When explaining to women the postural changes that occur during pregnancy, it is my mission to inform them about the amazing changes and challenges that pregnancy and motherhood will bring to their bodies, to their posture and eventually to their appearance.
A mother needs to be strong, not only to face the challenge of giving birth, but also to face the challenges of motherhood. Like a first class athlete every woman needs to be prepared physically and mentally for the most challenging and rewarding project of her life.
Exercising During Pregnancy
I strongly advice pregnant women to exercise, but be aware and very careful when choosing an appropriate exercise programme.
Some of the common discomforts of pregnancy can be easily avoided by maintaining a proper postural alignment. An appropriate exercise programme can also play a significant role and easy your way to delivery. However the programme has to take into consideration that ligaments during pregnancy will be loosened from the effect of the relaxin hormone, and inappropriate exercises might put excessive strain on the joints.
Pre natal exercises are very effective and I do advice them strongly.
Ivana Daniell’s Method is very safe both for Pre and Post natal phases.
No exercise regime should be ever initiated without having done the necessary postnatal routines.

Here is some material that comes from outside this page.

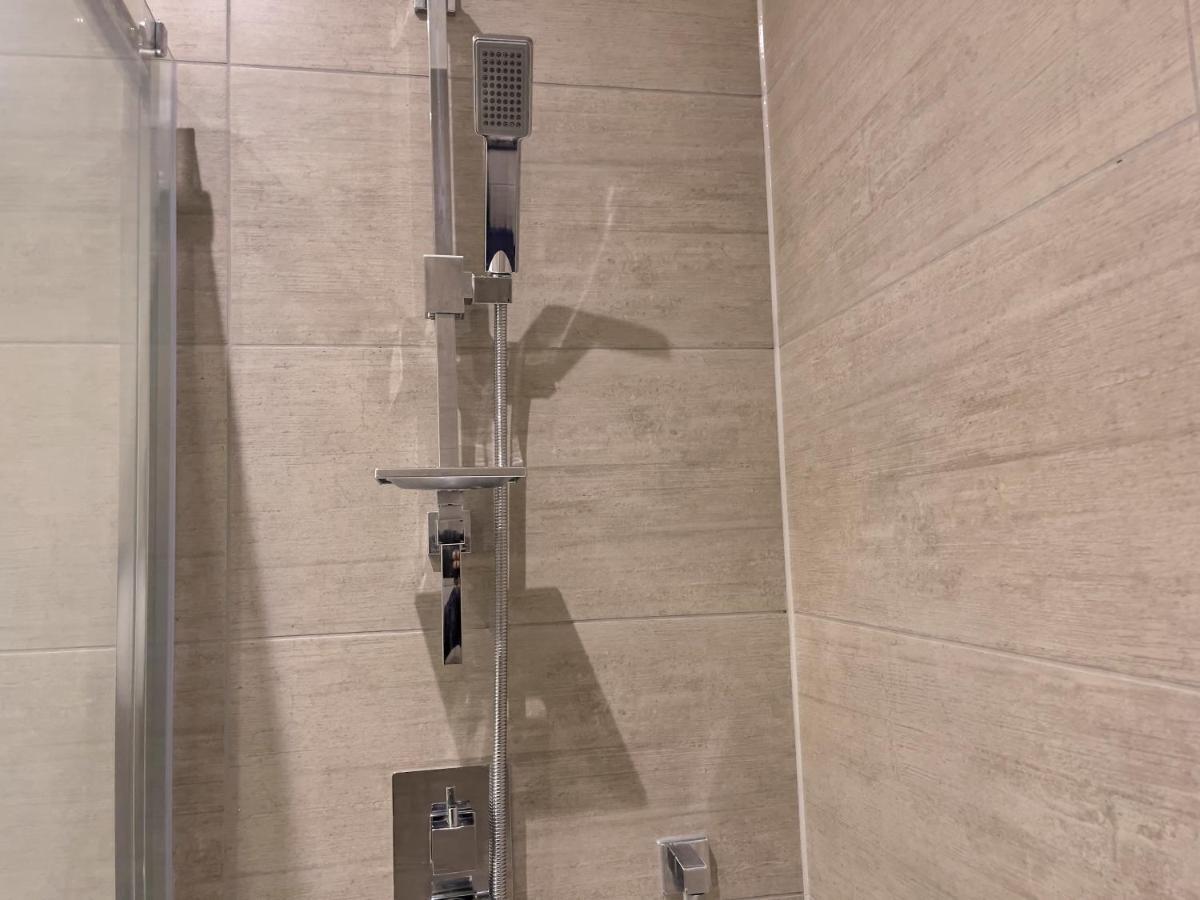 Lovely 2 Double Bedroom Flat With Free Parking - At The Atrium Mk 米尔顿凯恩斯 外观 照片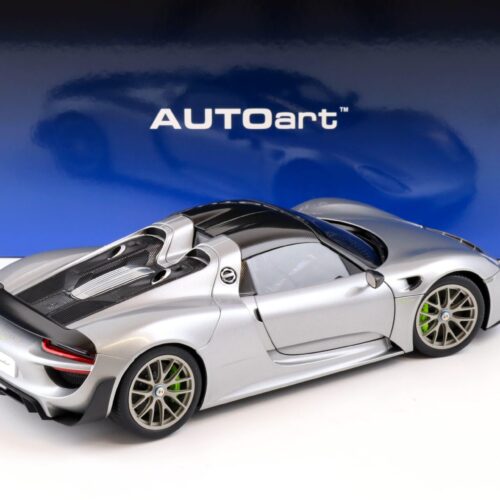 1:18 AUTOart Porsche 918 Spyder GT silver metallic/ silver metallic 77925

I insist that the new Mothers take time at least two times a week for themselves, even though they are so taken with the new-born baby. The Postnatal phase is crucial for the well being of the Mother, and in consequence for the Baby. This is the time to concentrate on:
⦁ Restore your postural alignment that had been compromised during the 9 month of pregnancy
⦁ Strengthen the core muscles that have been weakened by both pregnancy and delivery.
⦁ Tighten the pelvic floor muscles that have been strained during the delivery.
⦁ Take care of the Diastasis, separation of the upper abdominal muscles.
It is essential for every woman after delivery to do special exercises to restore the correct position of these muscles. Most women complain after having had their baby that their tummy does not go back as flat as it was. This is because of the Diastasis, the muscles separation. This condition can be easily helped with appropriate exercises.
I advice to start your Post Natal exercise programme
1 month after your Natural delivery,
3 month after a C section.
Once you have followed my postnatal recommendations, strengthened your body and restored your postural alignment, only at this point, and not before, you will be ready to go back to your favourite sport or exercise routines.